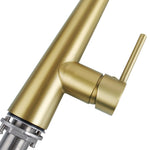 Load image into Gallery viewer, Brushed Brass Pull Out Kitchen Mixer
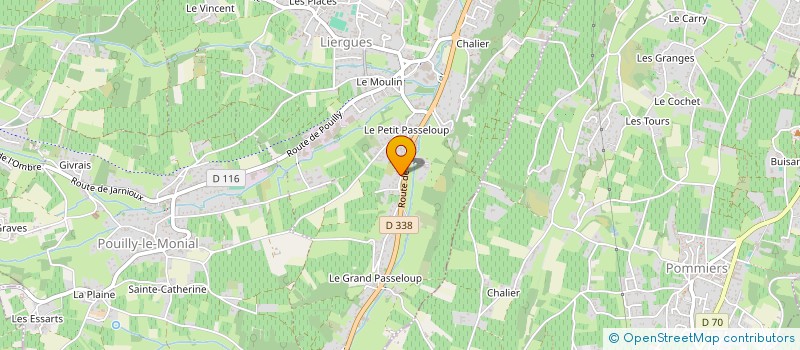 localisation de l'entreprise 4Z INVESTISSEMENT  PORTE DES PIERRES DOREES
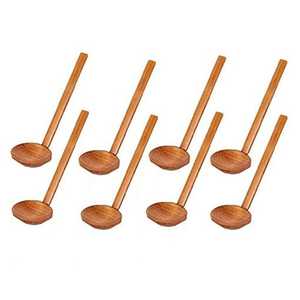 Juego de Cucharas de Madera Hechas a Mano en Forma de Corazón, Naturales, Ecológicas, Artesanales, Utensilios de Decoración para el Hogar - Product Image 4
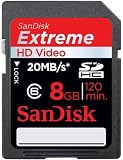 SanDisk Extreme SDHC 8GB Class 10 Speicherkarte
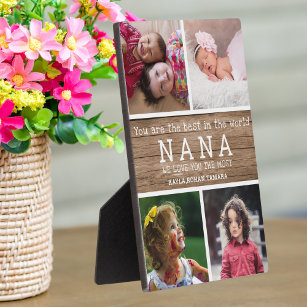 Plaque Photo We Love You Nana 4 Photo Collage Wood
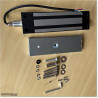 Heavy duty (500Kg) and IP65 waterproof electromagnetic lock can be used with 12V DC or 24V DC power supply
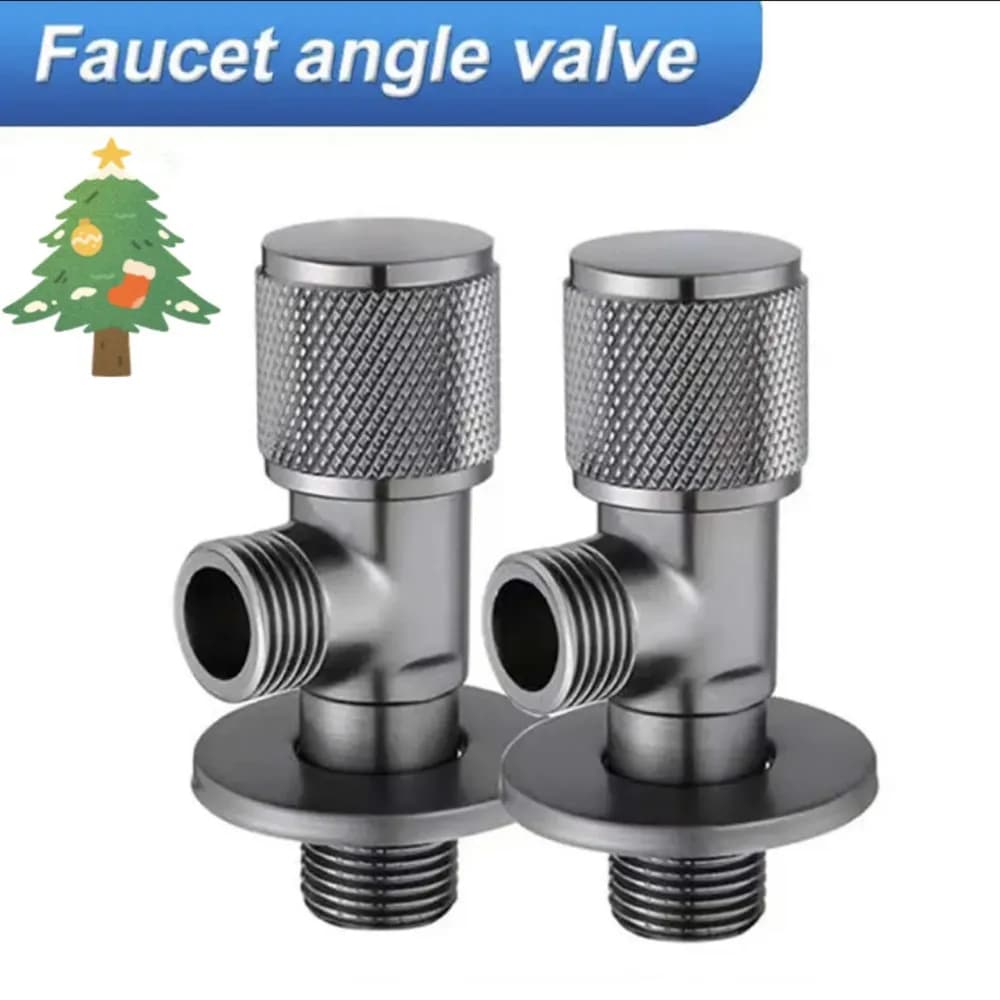 Valvola di ingresso rubinetto a 4 punti G1/2 Valvola triangolare in ottone Riscaldatore Valvola di arresto dell'acqua Bagno WC Lavatrice Interruttore universale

Exercise description: Starting at the line that contains "Plaque Photo We", transcribe each line through the last one of the entries above, exactly and without pictures.

Response to this exercise:
 Plaque Photo We Love You Nana 4 Photo Collage Wood
 Heavy duty (500Kg) and IP65 waterproof electromagnetic lock can be used with 12V DC or 24V DC power supply
 Valvola di ingresso rubinetto a 4 punti G1/2 Valvola triangolare in ottone Riscaldatore Valvola di arresto dell'acqua Bagno WC Lavatrice Interruttore universale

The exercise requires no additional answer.